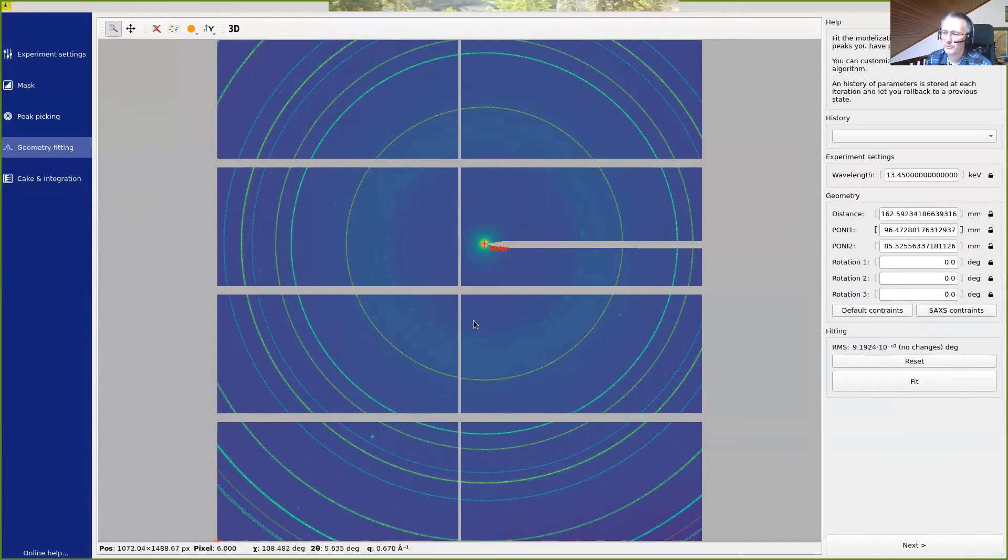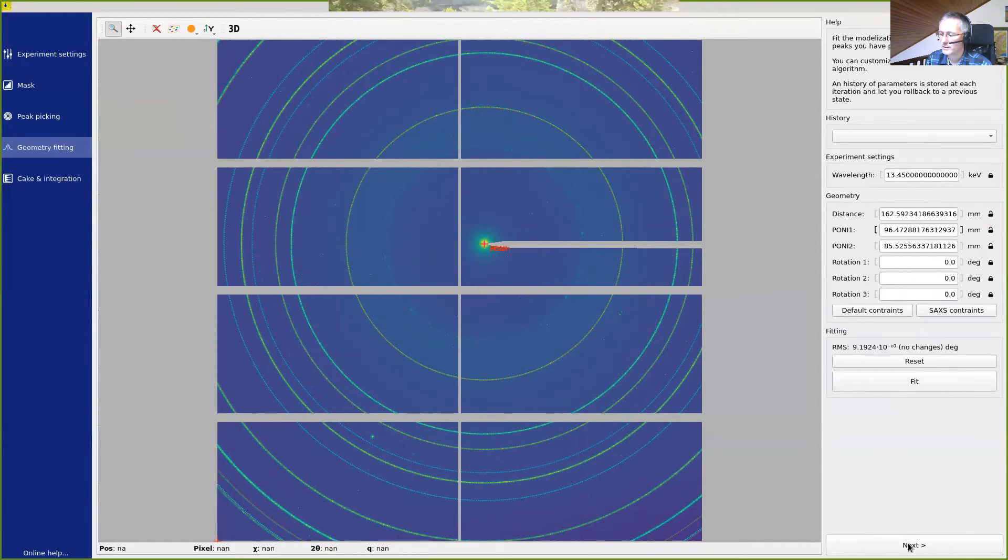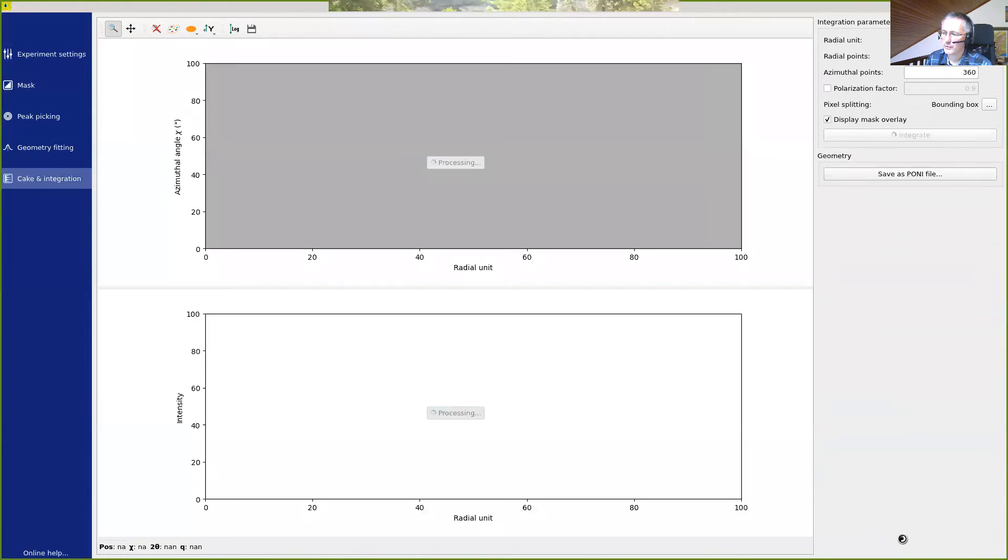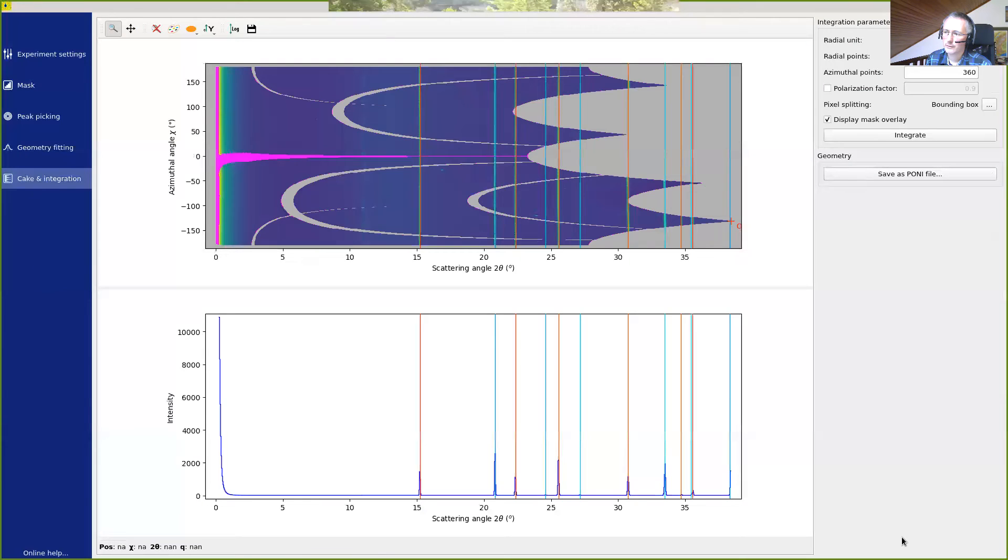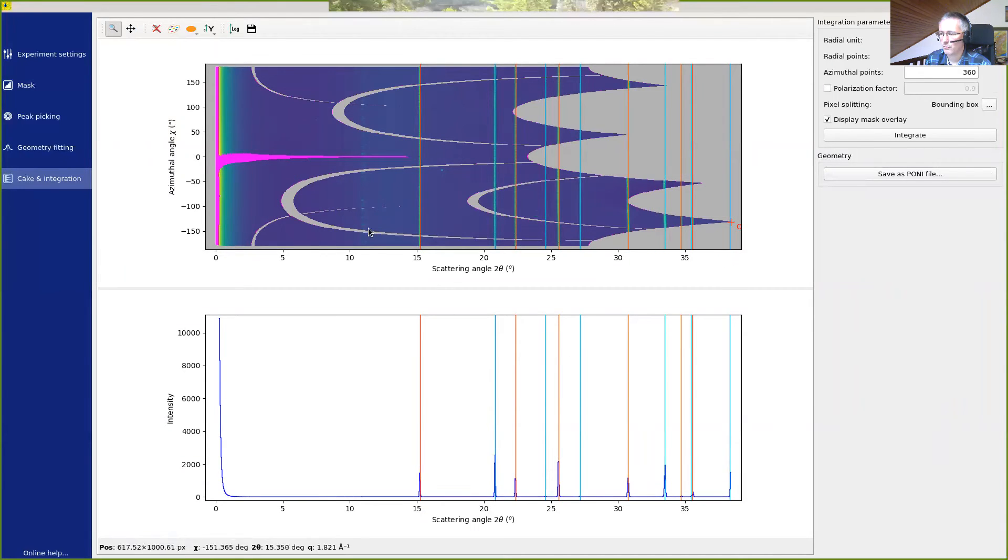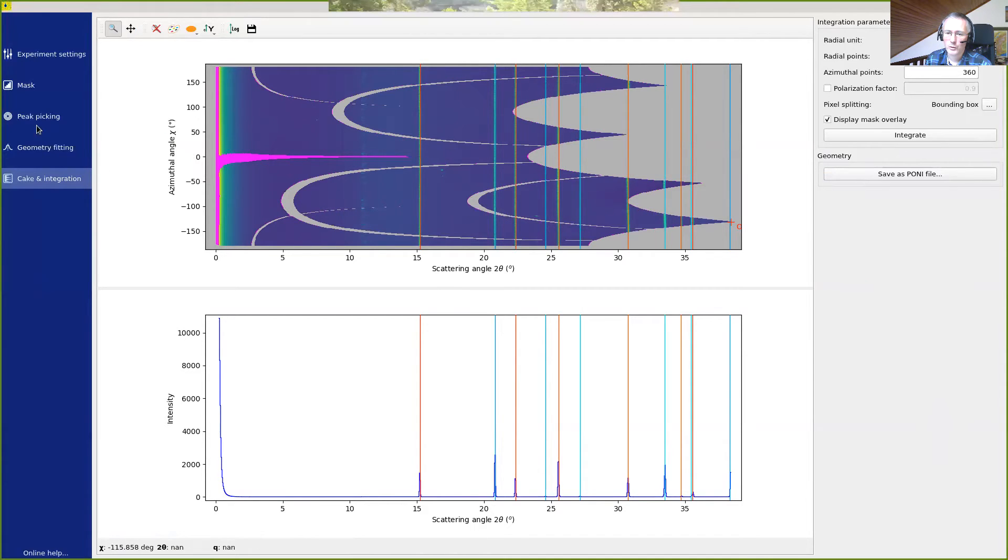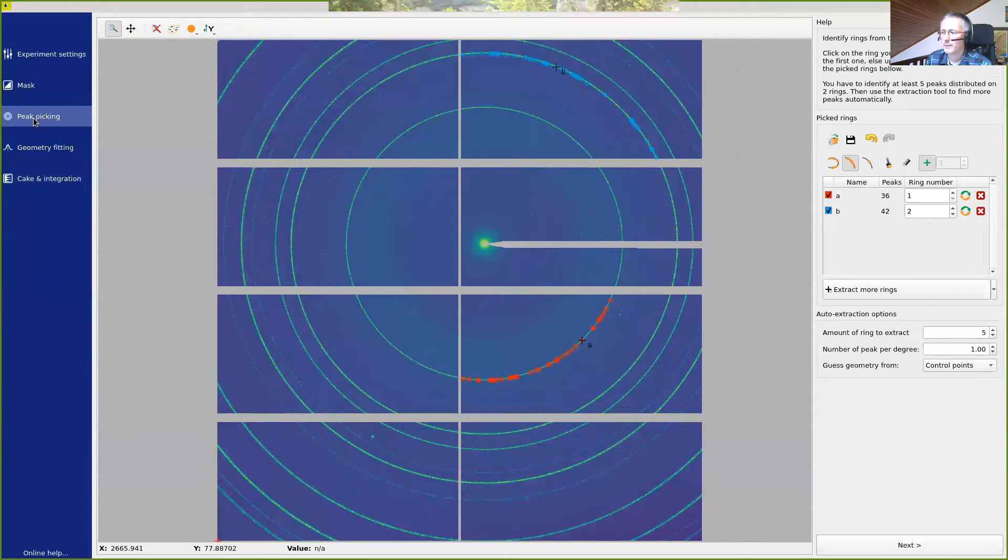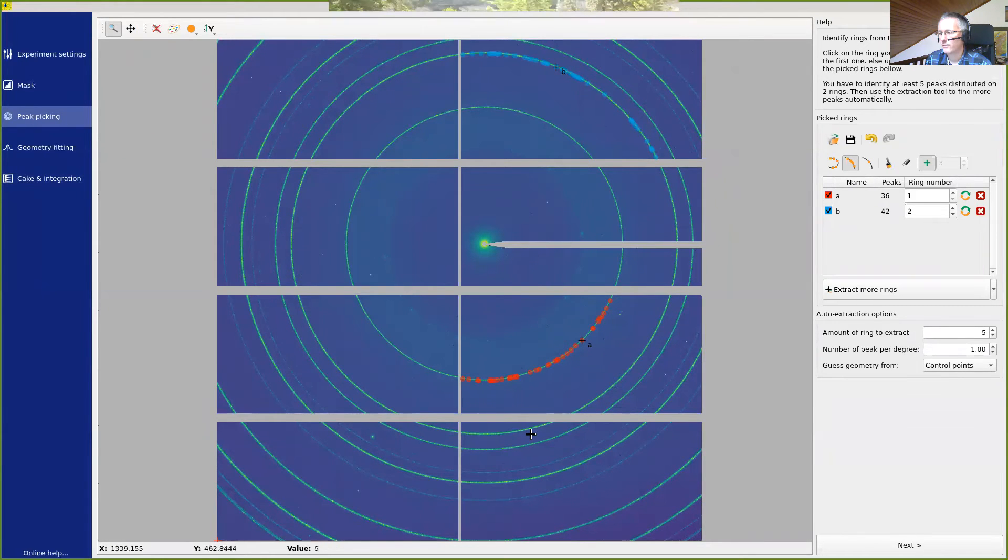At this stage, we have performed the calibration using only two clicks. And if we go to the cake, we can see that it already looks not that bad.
....
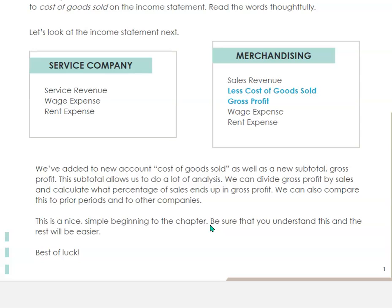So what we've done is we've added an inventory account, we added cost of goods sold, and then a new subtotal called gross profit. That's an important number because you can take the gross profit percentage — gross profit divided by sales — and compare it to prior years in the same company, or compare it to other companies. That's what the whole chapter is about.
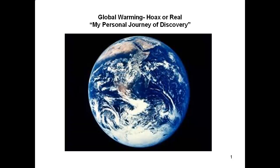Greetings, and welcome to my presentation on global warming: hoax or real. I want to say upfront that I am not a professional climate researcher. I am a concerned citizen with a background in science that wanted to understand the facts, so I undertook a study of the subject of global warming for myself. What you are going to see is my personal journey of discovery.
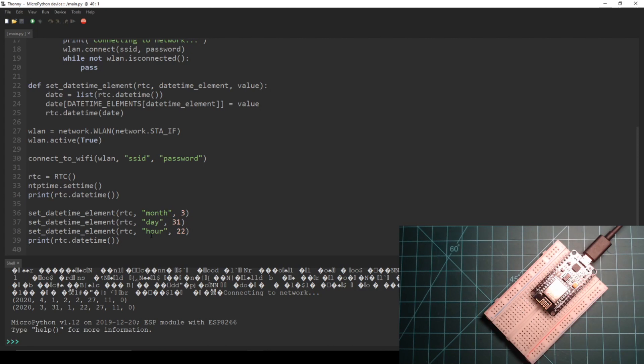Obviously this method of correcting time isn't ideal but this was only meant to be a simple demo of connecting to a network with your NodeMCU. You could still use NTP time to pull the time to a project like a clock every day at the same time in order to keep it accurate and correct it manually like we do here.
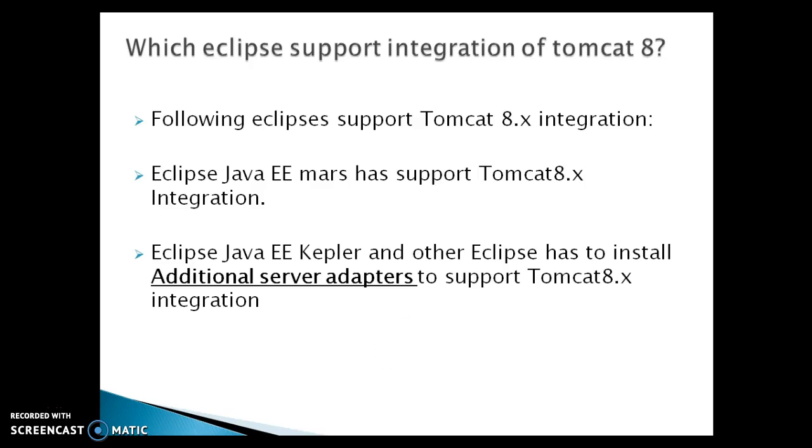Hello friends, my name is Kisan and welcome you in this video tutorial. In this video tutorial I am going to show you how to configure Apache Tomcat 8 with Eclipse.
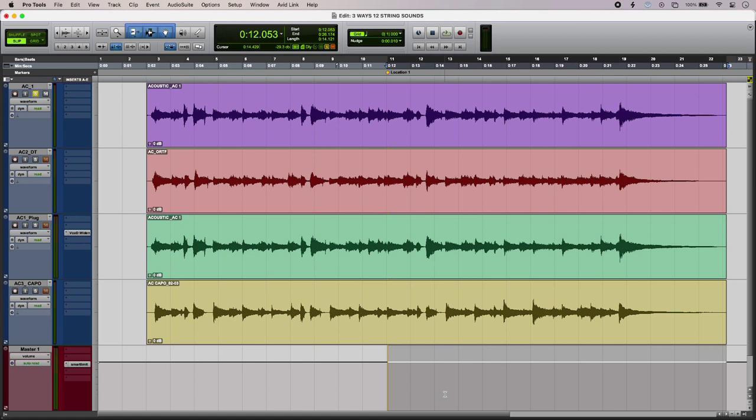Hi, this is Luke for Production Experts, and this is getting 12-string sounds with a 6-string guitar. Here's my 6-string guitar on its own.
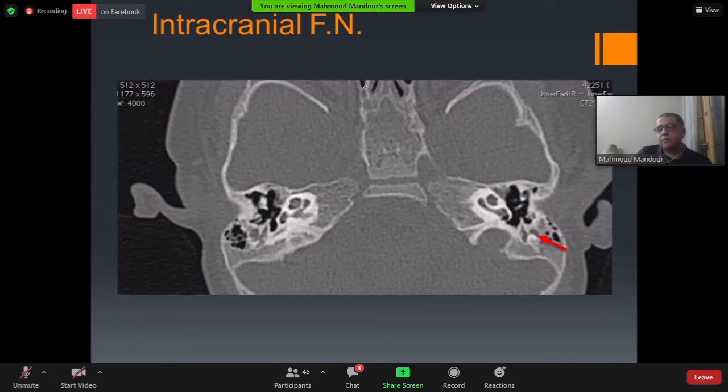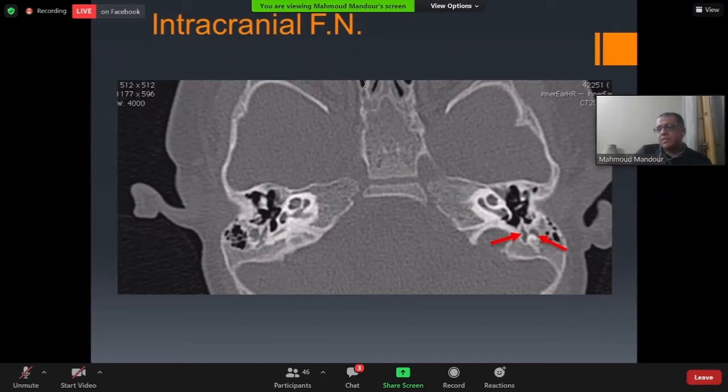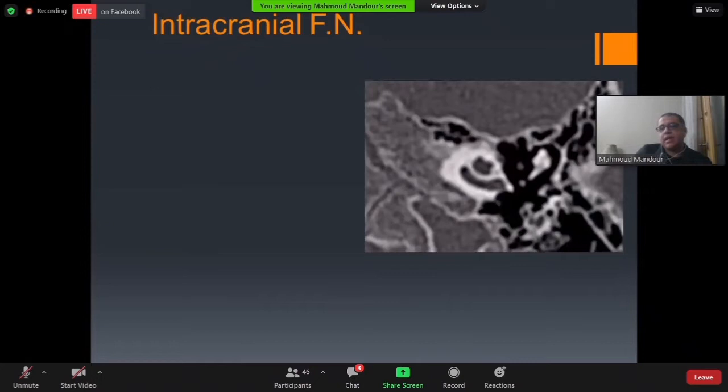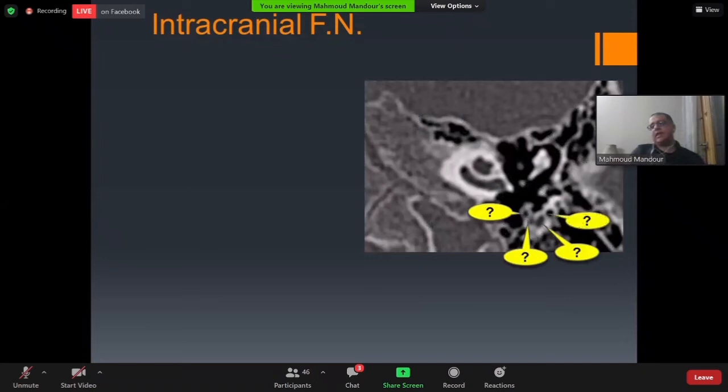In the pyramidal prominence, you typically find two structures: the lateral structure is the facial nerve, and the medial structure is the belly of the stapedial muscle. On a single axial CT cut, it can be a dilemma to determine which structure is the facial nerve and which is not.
....
* _What to produce_: In the listing above, find the line with "Obviously this method" and the line with "In the pyramidal". Copy both of them and every line between, exactly, but not the pictures.

* _Answer for this exercise_:
Obviously this method of correcting time isn't ideal but this was only meant to be a simple demo of connecting to a network with your NodeMCU. You could still use NTP time to pull the time to a project like a clock every day at the same time in order to keep it accurate and correct it manually like we do here.
Hello friends, my name is Kisan and welcome you in this video tutorial. In this video tutorial I am going to show you how to configure Apache Tomcat 8 with Eclipse.
Hi, this is Luke for Production Experts, and this is getting 12-string sounds with a 6-string guitar. Here's my 6-string guitar on its own.
In the pyramidal prominence, you typically find two structures: the lateral structure is the facial nerve, and the medial structure is the belly of the stapedial muscle. On a single axial CT cut, it can be a dilemma to determine which structure is the facial nerve and which is not.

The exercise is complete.